Aaron gritted his teeth at the suggestion.

Sure,
he thought,
because those options are cheap.

“Either way, I’ll note the…” He motioned to the pile of feathered bodies with his pen, “…the expired animals. But short of calling wildlife removal, I’m not clear on what you’d, uh…” Officer Helpful hesitated, as if searching for the right way to put it, “…on what you’d like us to do.”

“So you can’t help me,” Aaron said flatly.

“Oh, we can help plenty,” the cop assured him. “We just need a little more to work with.” He flashed Aaron a smile that was supposed to be friendly, but came off more as an awkward grimace instead.

“What if the kid decides to set my house on fire?” Aaron asked.

“Well, technically that wouldn’t be breaking and entering,” Officer Helpful explained. “That would be
arson
.”

“But he’d be allowed to do it, right? Because you need a little more to work with?”

“I understand your frustration, Mr. Holbrook. I’m sure it’s upsetting. But you have to understand,” he said, appealing for a little sympathy by holding out his hands. “This place is, uh, this place is ten miles outside of town. It’s on the fringes of what we call our jurisdiction. But because you’re new and we like to show our residents hospitality, I’ll have a, uh, a patrol car cruise up and down Old Mill for you for a few nights, just in case the, uh…” He paused, searching his vocabulary, “…in case the
perpetrator
decides to, uh, cause you any more trouble.”

A patrol car.

Aaron nearly rolled his eyes.

A patrol car wouldn’t do shit. Like the kid he’d been seeing was stupid enough to openly wander the street on his way to vandalize a property.

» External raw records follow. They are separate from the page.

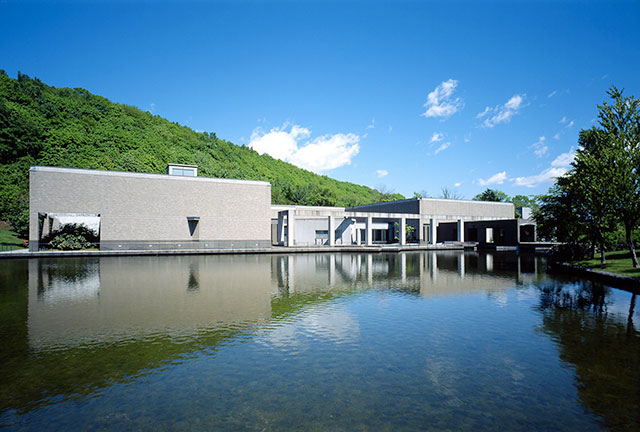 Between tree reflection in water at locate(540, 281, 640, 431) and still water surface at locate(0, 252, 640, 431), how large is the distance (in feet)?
0.11

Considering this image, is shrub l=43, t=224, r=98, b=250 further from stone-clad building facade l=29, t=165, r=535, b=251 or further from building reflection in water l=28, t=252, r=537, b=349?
building reflection in water l=28, t=252, r=537, b=349

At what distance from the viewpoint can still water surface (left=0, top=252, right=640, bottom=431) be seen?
474cm

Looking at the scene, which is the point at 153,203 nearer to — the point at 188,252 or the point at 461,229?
the point at 188,252

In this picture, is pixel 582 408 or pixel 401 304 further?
pixel 401 304

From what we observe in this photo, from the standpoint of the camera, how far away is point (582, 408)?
5020 millimetres

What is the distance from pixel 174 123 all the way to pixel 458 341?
280 ft

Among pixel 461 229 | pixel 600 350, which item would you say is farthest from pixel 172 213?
pixel 461 229

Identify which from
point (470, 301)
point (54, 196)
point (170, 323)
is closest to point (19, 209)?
point (54, 196)

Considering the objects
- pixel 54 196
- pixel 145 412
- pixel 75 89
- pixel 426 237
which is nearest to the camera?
pixel 145 412

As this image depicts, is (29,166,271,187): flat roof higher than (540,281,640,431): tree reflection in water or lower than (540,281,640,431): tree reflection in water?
higher

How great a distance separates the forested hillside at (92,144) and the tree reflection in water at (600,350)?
5103cm

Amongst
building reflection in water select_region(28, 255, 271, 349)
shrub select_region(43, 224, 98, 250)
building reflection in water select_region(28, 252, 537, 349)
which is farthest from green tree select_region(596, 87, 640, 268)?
shrub select_region(43, 224, 98, 250)

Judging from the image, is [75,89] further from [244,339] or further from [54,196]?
[244,339]

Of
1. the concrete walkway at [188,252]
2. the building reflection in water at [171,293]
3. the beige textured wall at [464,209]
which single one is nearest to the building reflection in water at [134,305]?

“Whatever,” Aaron muttered.

“Sir?” The officer peered at him. “Is that a ‘whatever’ as in you want us to patrol the road, or a ‘whatever’ as in you’d rather us not?”

“Whatever,” Aaron repeated. “Do what you want. But do note in my
file
that you were out here and you couldn’t do anything, so that when I drag that little asshole into the station by his ear I don’t get arrested for harassing a minor.”

“Uh…” Officer Helpful frowned at his pad of paper, not sure how to respond to that. “I’m not sure I’d suggest that plan of action. Maybe just talk to him.” He cleared his throat. “From a safe distance, of course.”

“Of course,” Aaron echoed.

“And just, uh, just call in any new occurrences.”

“So you can note them in my file?”

The officer smacked his lips and shoved his pad into the back pocket of his slacks. “That’s right,” he said. “It all goes in the file.”

Aaron moved across the room and opened the front door for Officer Helpful, waiting for him to take his leave.

“You have a good rest of your night, now,” the cop told him.

“Sure,” Aaron said, and closed the door before the officer could make it down the front porch steps.

By the time the cruiser crunched down the gravel driveway, Aaron was grabbing a beer from the fridge. Tomorrow he’d stop at Banner’s for more, if not for something more substantial. But until then, he’d quench his thirst, pop an Ativan, and try to get some sleep.

The picture on the camcorder’s tiny screen tilted and swayed. Aaron’s breathing sounded raspy and disturbed as the camera jerked from one point of reference to the next. There was a brief shot of Aaron’s sneakers as he moved across the kitchen, down the hall, and into the living room, pausing to pull open the front door before stepping onto the porch.

“I can’t fucking believe this,” he said, his voice aggravated, the front lawn unrolling along the bottom of the camcorder’s screen. “I swear to God, if I see that kid again…”

The camera swung wide, bringing the Tercel into view. A few starlings chirped overhead as if disturbed by the angry man beneath the canopy of branches. Aaron stepped around the car to bring the driver’s side into view, capturing a freshly shattered window with the device, safety glass sparkling in the early morning sun.